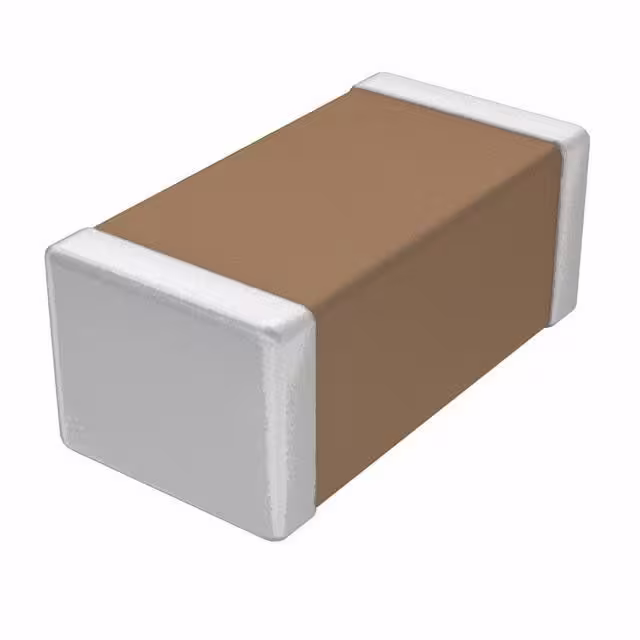 GMC02CG3R0C50NT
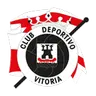 Vitoria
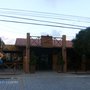 Photo of Picanha do Cowboy Sul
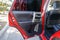 2024 Toyota 4Runner TRD Sport
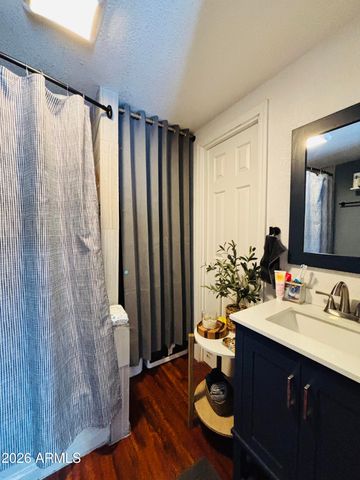 8401 N 67TH Avenue 141, Glendale, AZ 85302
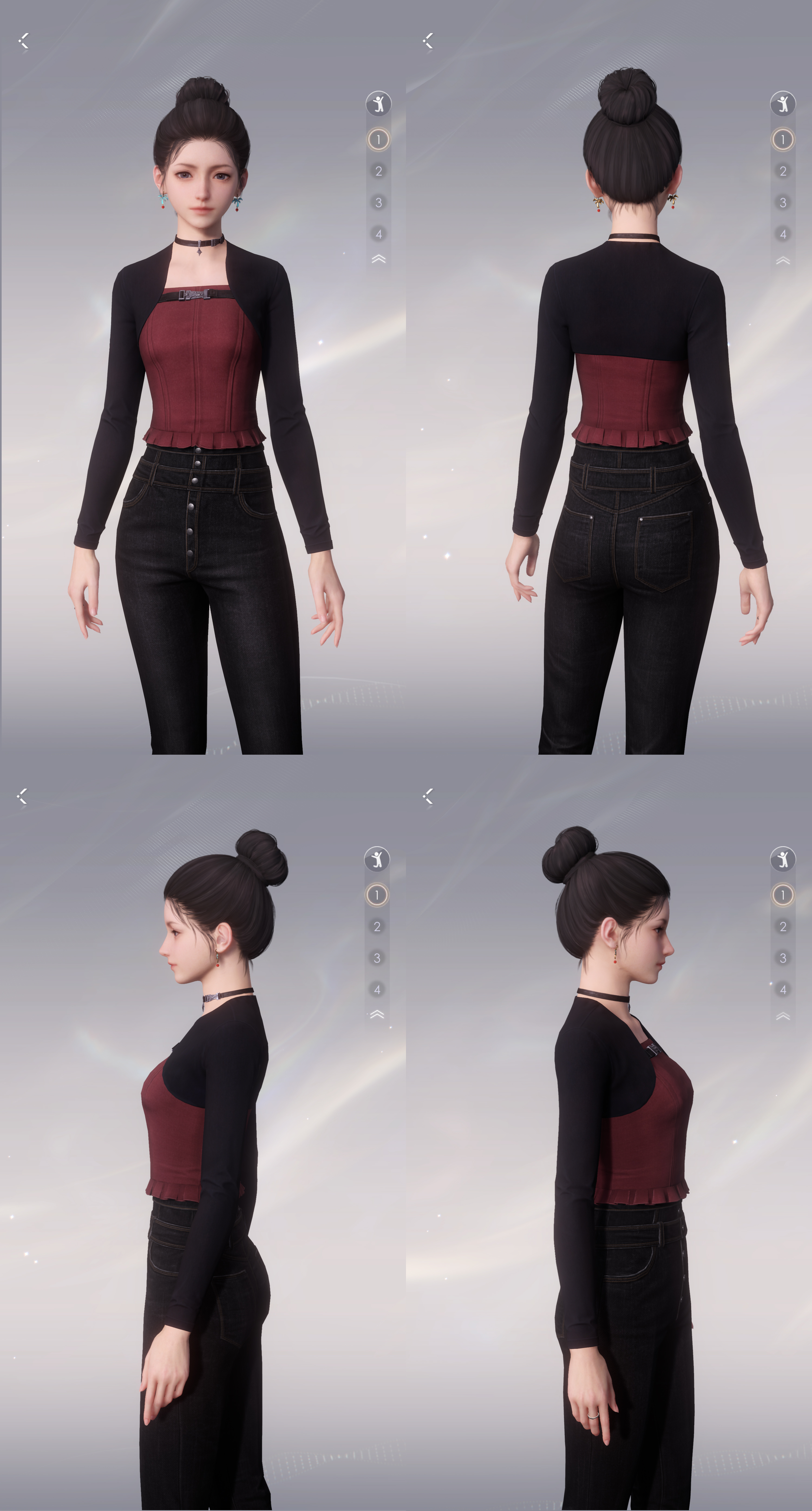 服饰预览-玩家-椰子弹.jpg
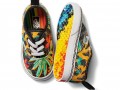 https-_hypebeast.com_image_2022_02_vans-crayola-collaboration-collection-release-info-006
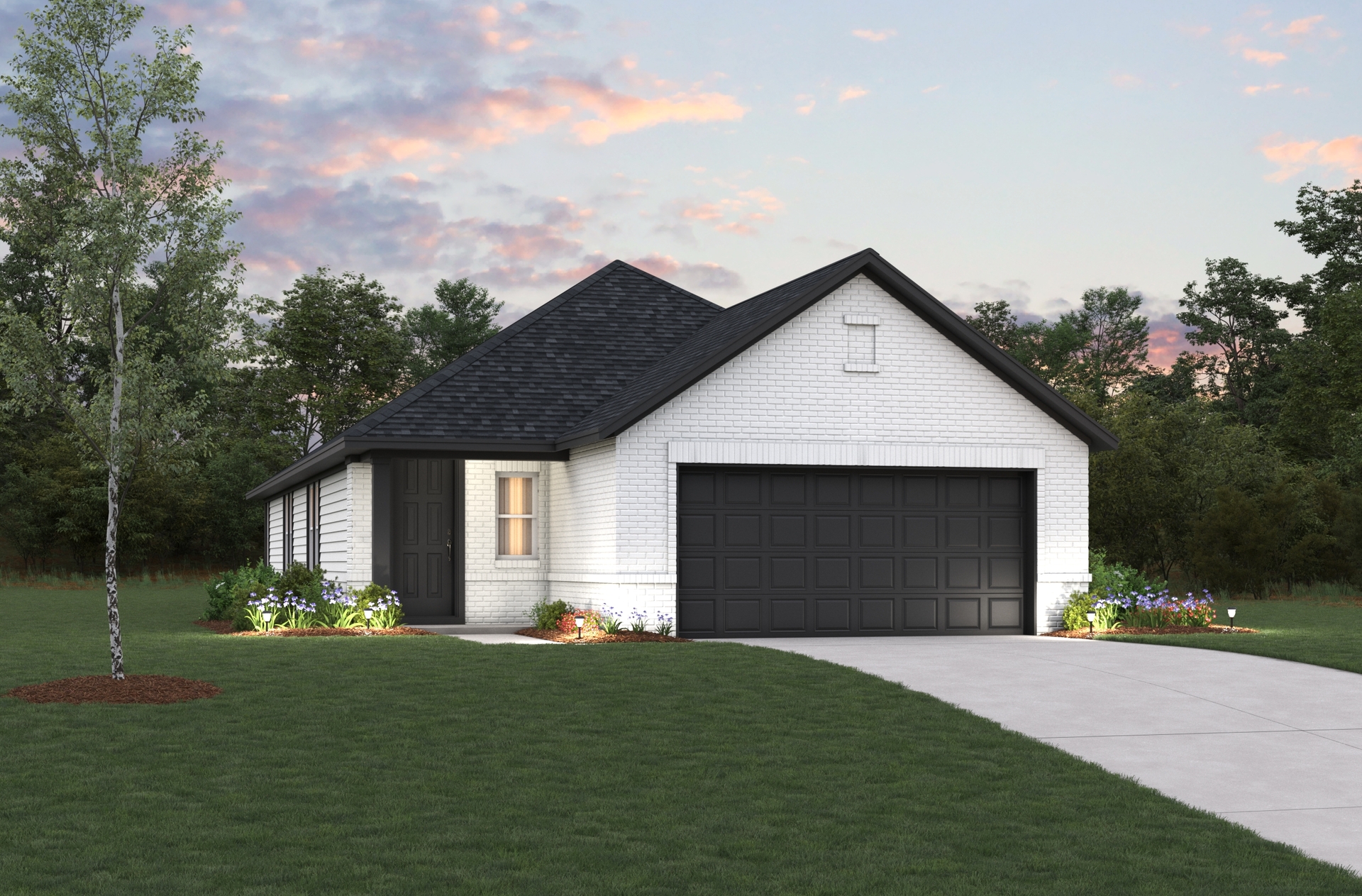 8934334d-d967-4975-ac7f-9c32ce5bed79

____________

# [Description of the task]
Keeping the pictures out, output the records from above exactly and completely.

# [Result]
 GMC02CG3R0C50NT
 Vitoria
 Photo of Picanha do Cowboy Sul
 2024 Toyota 4Runner TRD Sport
 8401 N 67TH Avenue 141, Glendale, AZ 85302
 服饰预览-玩家-椰子弹.jpg
 https-_hypebeast.com_image_2022_02_vans-crayola-collaboration-collection-release-info-006
 8934334d-d967-4975-ac7f-9c32ce5bed79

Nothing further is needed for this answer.